Centre des médias

La communication avec les médias est importante pour s’assurer que l’UES demeure sensible, transparente et responsable envers le public qu’elle sert. L’UES a élaboré un programme complet de communications pour favoriser des communications efficaces avec les médias, tout en respectant l’intégrité de ses enquêtes, la confidentialité des témoins et le respect de la vie privée de toutes les personnes touchées. 

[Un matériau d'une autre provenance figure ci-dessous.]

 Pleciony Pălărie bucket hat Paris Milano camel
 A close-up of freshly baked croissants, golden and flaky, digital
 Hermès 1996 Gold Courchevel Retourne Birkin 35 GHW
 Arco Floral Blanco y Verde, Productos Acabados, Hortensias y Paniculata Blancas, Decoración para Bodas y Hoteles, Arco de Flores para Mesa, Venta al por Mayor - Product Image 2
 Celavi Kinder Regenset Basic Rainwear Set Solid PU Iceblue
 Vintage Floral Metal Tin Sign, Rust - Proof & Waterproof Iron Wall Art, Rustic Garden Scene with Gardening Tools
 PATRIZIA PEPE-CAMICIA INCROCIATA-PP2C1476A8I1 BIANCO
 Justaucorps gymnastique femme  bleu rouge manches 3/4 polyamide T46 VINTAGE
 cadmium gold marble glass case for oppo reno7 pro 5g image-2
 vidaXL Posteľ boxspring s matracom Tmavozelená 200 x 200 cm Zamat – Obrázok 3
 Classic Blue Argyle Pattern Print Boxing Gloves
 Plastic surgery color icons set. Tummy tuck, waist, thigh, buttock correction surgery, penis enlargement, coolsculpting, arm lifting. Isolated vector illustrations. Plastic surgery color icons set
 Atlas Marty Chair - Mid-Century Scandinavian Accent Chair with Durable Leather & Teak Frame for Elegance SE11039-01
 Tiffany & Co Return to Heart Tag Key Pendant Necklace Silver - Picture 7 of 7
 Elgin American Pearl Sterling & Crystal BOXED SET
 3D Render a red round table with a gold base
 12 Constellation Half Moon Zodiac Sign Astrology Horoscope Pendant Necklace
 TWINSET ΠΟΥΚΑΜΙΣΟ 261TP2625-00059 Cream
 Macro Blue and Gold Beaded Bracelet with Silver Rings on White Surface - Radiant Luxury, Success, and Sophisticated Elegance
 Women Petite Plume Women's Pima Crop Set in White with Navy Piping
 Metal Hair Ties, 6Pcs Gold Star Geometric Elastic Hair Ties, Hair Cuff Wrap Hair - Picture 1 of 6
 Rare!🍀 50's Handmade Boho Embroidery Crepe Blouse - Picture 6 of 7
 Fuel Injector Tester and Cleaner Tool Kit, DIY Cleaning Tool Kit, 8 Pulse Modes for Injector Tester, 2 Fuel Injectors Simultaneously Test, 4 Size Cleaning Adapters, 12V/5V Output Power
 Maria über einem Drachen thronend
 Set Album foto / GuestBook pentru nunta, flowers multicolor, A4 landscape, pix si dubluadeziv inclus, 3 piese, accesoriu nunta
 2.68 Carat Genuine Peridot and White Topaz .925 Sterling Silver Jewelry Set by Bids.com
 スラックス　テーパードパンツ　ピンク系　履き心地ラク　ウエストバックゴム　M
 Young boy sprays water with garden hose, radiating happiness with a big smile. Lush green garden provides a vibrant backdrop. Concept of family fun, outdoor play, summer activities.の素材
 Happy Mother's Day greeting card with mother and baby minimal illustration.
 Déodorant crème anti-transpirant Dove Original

Voici des exemples des moyens utilisés par l’UES pour communiquer des renseignements sur ses dossiers :

  • Tableau sur l’avancement des dossiers – Afin de tenir le public au courant du progrès de ses enquêtes, l’UES fournit des mises à jour sur l’avancement de chacune de ses enquêtes, dans un tableau affiché en ligne à l’adresse https://www.siu.on.ca/fr/case_status.php.
  • Communiqués de presse – Les communiqués de presse sont publiés au début d’une affaire lorsqu’une arme à feu a été déchargée, que quelqu’un est décédé, qu’il y a eu une collision majeure ou que l’affaire suscite beaucoup d’intérêt dans les médias. En l’absence d’un communiqué dans un cas particulier, les représentants des médias peuvent contacter la coordinatrice des communications pour obtenir des informations. Une fois l’enquête terminée, un communiqué est publié.
  • Rapports du directeur – À la conclusion d’une enquête, si, au vu du dossier de preuve, le directeur n’est pas convaincu qu’il y a des motifs raisonnables de porter des accusations criminelles, un rapport du directeur est produit et affiché sur le site Web de l’UES. Un communiqué de l’UES signale la publication de ce rapport au public.
  • Médias sociaux - Compte Twitter et chaîne YouTube de l’UES (en anglais seulement)
La coordonnatrice des communications est la principale porte-parole de l’UES. 

Équilibrer la transparence et les exigences de l’enquête


La tension entre la nécessité, pour un organisme public comme l’UES, de communiquer des renseignements au public et l’obligation de maintenir la confidentialité de certains renseignements en raison des restrictions imposées par la loi ou par des politiques, pose des défis constants. Cela nécessite de trouver un équilibre délicat, car il faut tenir compte des besoins et sensibilités des médias, des plaignants, de la collectivité, des forces de l'ordre et de l’UES, tout en respectant le cadre législatif. Il est impératif de veiller à ce que les renseignements divulgués soient impartiaux, ne portent pas préjudice à l’enquête et respectent la vie privée des personnes concernées.

Dans tous les cas, l’UES s’efforce d’atteindre un juste équilibre entre la divulgation d’autant de renseignements que possible au public et le besoin de protéger la confidentialité des témoins, notamment le respect de leur vie privée conformément à la loi. 

L’UES doit tenir compte d’un certain nombre de protocoles d’enquête et de contraintes légales dans ses décisions concernant la communication de renseignements sur une affaire, notamment :

  • la Loi de 2019 sur l’Unité des enquêtes spéciales;
  • la sensibilité des renseignements sur les éléments de preuve;
  • la nécessité d’équilibrer les intérêts en vue d’un procès équitable;  
  • le respect de la confidentialité promise aux témoins civils;
  • la Loi sur l’accès à l’information et la protection de la vie privée;
  • la Loi sur le système de justice pénale pour les adolescents.
 

Allégations d’agression sexuelle


Dans les cas d’allégations d’agression sexuelle, en règle générale, l’UES ne communique pas au public des renseignements susceptibles de permettre d’identifier la personne qui allègue avoir subi une agression sexuelle ou l’agent visé par l’allégation. En effet, la publication de renseignements au sujet des enquêtes sur des allégations d’agression sexuelle présente toujours le risque de dissuader encore plus le signalement des crimes de cette nature et de nuire au respect de la vie privée des intéressés, surtout des plaignants. L’UES espère qu’en ne publiant aucun renseignement qui permette d’identifier les personnes concernées dans de tels cas, les victimes seront encouragées à signaler leurs allégations. Comme dans les autres catégories d’affaires, dès qu’une enquête sur une allégation d’agression sexuelle est ouverte, elle est inscrite dans le tableau d’avancement des dossiers de l’UES.